As part of the President’s Precision Medicine Initiative (PMI), in August the Office of the National Coordinator for Health Information Technology (ONC) and the National Institute of Standards and Technology (NIST) began their “Blockchain Challenge.” The ONC challenge solicited proposals on how blockchain may be utilized to improve healthcare IT and to enable a “new era of clinical care through research, technology, and policies that empower patients, researchers, and providers to work together toward the development of individualized care.”
Of the more than 70 proposals received, 15 were selected as finalists. Among those selected was Blockchain and Health IT: Algorithms, Privacy, and DataProject, a whitepaper by less succinctly named PharmOrchard of MIT’s Experimental Learning “MIT FinTech: Future Commerce.”

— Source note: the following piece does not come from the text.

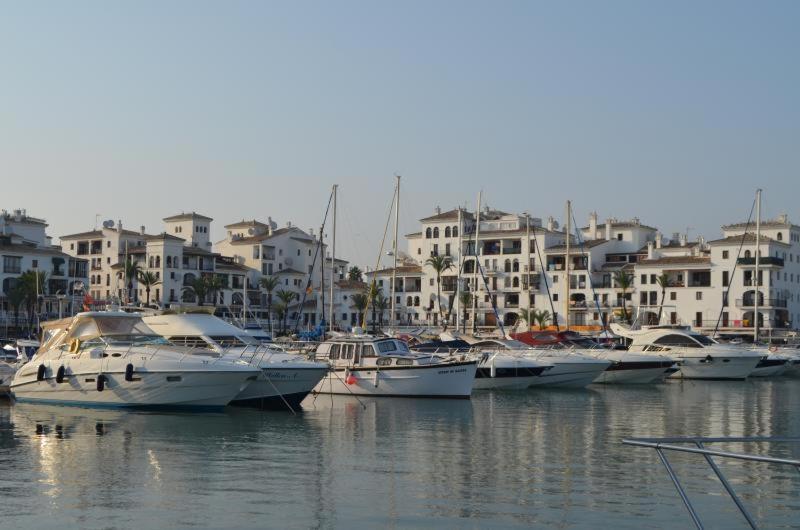 Ferienwohnung Penthouse Marina La Duquesa Manilva Exterior foto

MIT’s proposal explored threats PMI data’s security, confidentiality, integrity and availability and presented he OPAL/Enigma project3 as a strategy towards mitigating those challenges. The OPAL/Enigma project3 creates a peer-to-peer network based on highly optimized multi-party computation and secret-sharing via a permissioned blockchain that records and controls access through smart contracts and digital identities. OPAL thereby enabling complete privacy in analyzing jointly stored data, increasing interoperability. In sum, the OPAL/Enigma project3 uses blockchain technology to resolve the tension between the creation of a secure environment for stakeholder Electronic Health Information (EHI) and the necessity of efficiency in sharing that sensitive information. And, as a secure infrastructure that doesn’t sacrifice the ability of exchangeability of data, OPAL would be a potential tool providing:
- resolution of infrastructural matters, such as time and cost related to the analysis, storage and manipulation of health information;
- a better framework for precision medicine trials;
- the development of more comparative trials;
- a more cost-effective development of drugs; and
- the development of more effective treatments to patients.
The proposal focuses on the OPAL system as a platform for the creation of accessible (yet confidential) databases of patient information at scale, and the ability to utilize information for expansive and nuanced adaptive clinical medical trials. However, it also notes that the system would, on an individual level, allow for a more holistic treatment of patients via a shared medical history.